Firstly, I want to say happy mother's day to mama Jane. She's the most incredible woman I know. Obviously most people think this of their own mum (or dads who also step up to be mums) but I truly think I'm the luckiest. I tell her I love her every time I leave the room, and several times before hanging up the phone. Not because it's a habit or because I think it's what I should say, but because I mean it. If something were to suddenly happen to me, I'd want her to know how much she means to me and how much I value her. I could honestly go on and on, but I'd rather tell her in person so I shall cut it short.
Anyway, my last Psoriasis update was back in September, so I figured this would be a good time to give a little update.
You can read said post HERE.
Nothing has really changed, thank god. Just minor things.
In my previous post I mentioned that the parts in my ears don't bother me as much, however it does quite a bit now. I created a mindset where basically I think others would rather see a raw patch of skin bleeding, than dry extra skin. This is most likely not even correct but at the minute that's how I'm thinking. So every morning (or most) I pick out the parts in my ear so no one sees the dry skin. It normally 'heals' by the next morning if not the following morning. But during the day it is so unbelievably sore. I don't know why I do it to myself, but I do.
Don't get me wrong, all of it is sore once I pick it, obviously, because it's just raw skin. But this does irritate me a lot.
Recently though, I have noticed that when I am anxious or upset I will turn my arms raw. It has reached the point where I had to apply a plaster (literally) the other day because it wouldn't stop bleeding. Then at work everyone was asking what I had done.
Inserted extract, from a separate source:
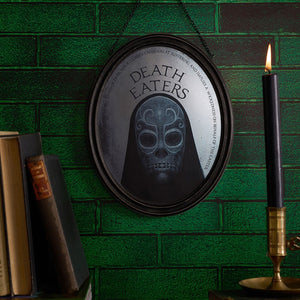 Harry Potter Todesser Wanddekoration Death Eater Fanartikel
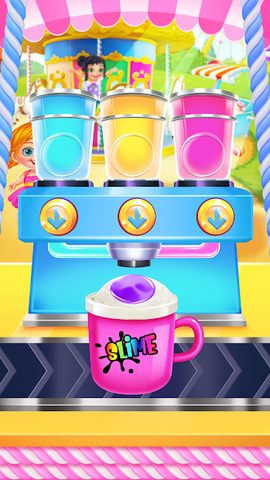 Screenshot 11: Rainbow Glitter Slime Maker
It's nice to know people care, but at the same time its such an awkward thing to explain ALL the time.
So now I have asked my mum to help me keep applying this cream we bought for my arms religiously and to then bandage them up. This helps keep the cream work for longer I guess but also stops me from picking at it. I have only done this today and it has made a remarkable difference so I can't wait to see the results in a few days time.
I'm only doing this at home though because I don't want people to think I'm exaggerating or begging for people to ask about it, because believe me, I'd just rather ignore it like everyone else. But unfortunately, I can't if I want it clearing up - even just a little.
I'm going to finally include a photo with this post. I wish I had one from before when it looked normal. Like I said, it already looks heaps better but hey, maybe it'll look even better than this in a few weeks. Here's to hoping!
I added the second one to just feel confident and empowered. Because, well...why shouldn't I? Double chins but I like these anyway:).